L’ATELIER D’ARCHITECTURE ALAIN RICHARD (AA-AR)
Présentation de la philosophie de l’atelier
« Construire importe davantage que le construit en lui-même, dans une vision où le projet devient un processus d’amendement dans la durée des milieux habités. Cette vision de l’architecture permet de sortir de la pression du temps court, d’être à l’écoute des usages et des usages selon une approche itérative d’expérimentation. […] Atteindre la plus haute qualité de conception et de réalisation par l’expérimentation continue et par une méthode itérative originelle de notre profession» .
Ces propos de Jana Revedin illustrent assez bien les convictions de l’atelier d’Alain Richard sur la manière de pratiquer l’architecture. Le bureau considère l’architecture comme un métier de service, où l’architecte est dans un système de collaboration avec les différents partenaires de la construction.
« L’architecte est donc un professionnel qui résout des problèmes de structure, d’enveloppe, d’usage et de coût afin de révéler le sens et la poésie des espaces construits. Il est le responsable du sens, de l’émotion, qui font qu’un lieu de vie accueille, abrite, interroge, révèle… C’est le minimum à donner par respect pour l’homme. » .

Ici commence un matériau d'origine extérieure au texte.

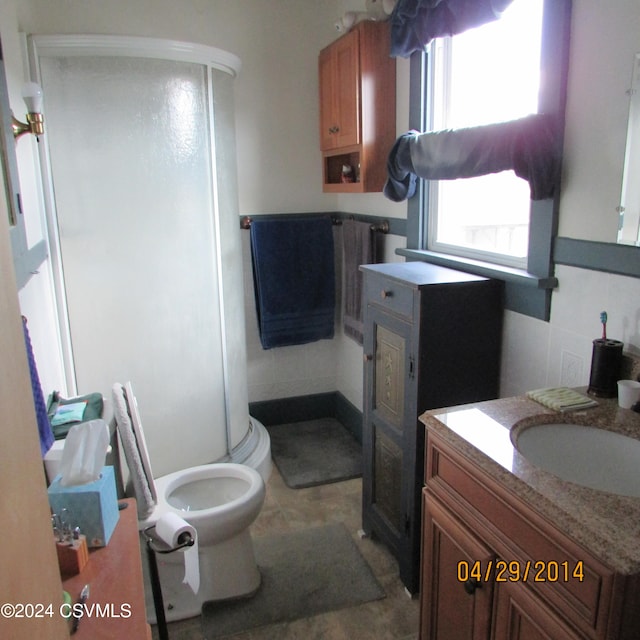 bathroom with tile patterned floors, vanity, and toilet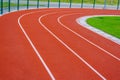 Red running track with white lines in outdoor sport stadium, side is a field and park. Backgrounds and rubber. Royalty Free Stock Photo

Il est insuffisant pour eux de se contenter de donner une réponse architecturale en évaluant les potentiels et manquements d’une situation. Il est du devoir de l’auteur de projet de s’interroger sur l’avenir du contexte du projet, y apporter de la poésie et des réponses prises dans les défis avec le futur.
« Notre conviction est que la performance énergétique des bâtiments et leur qualité écologique ne peuvent plus être considérées uniquement comme des « plus » à proposer. Elles doivent faire partie des exigences de base et être insérées le plus tôt possible dans le processus de conception. » .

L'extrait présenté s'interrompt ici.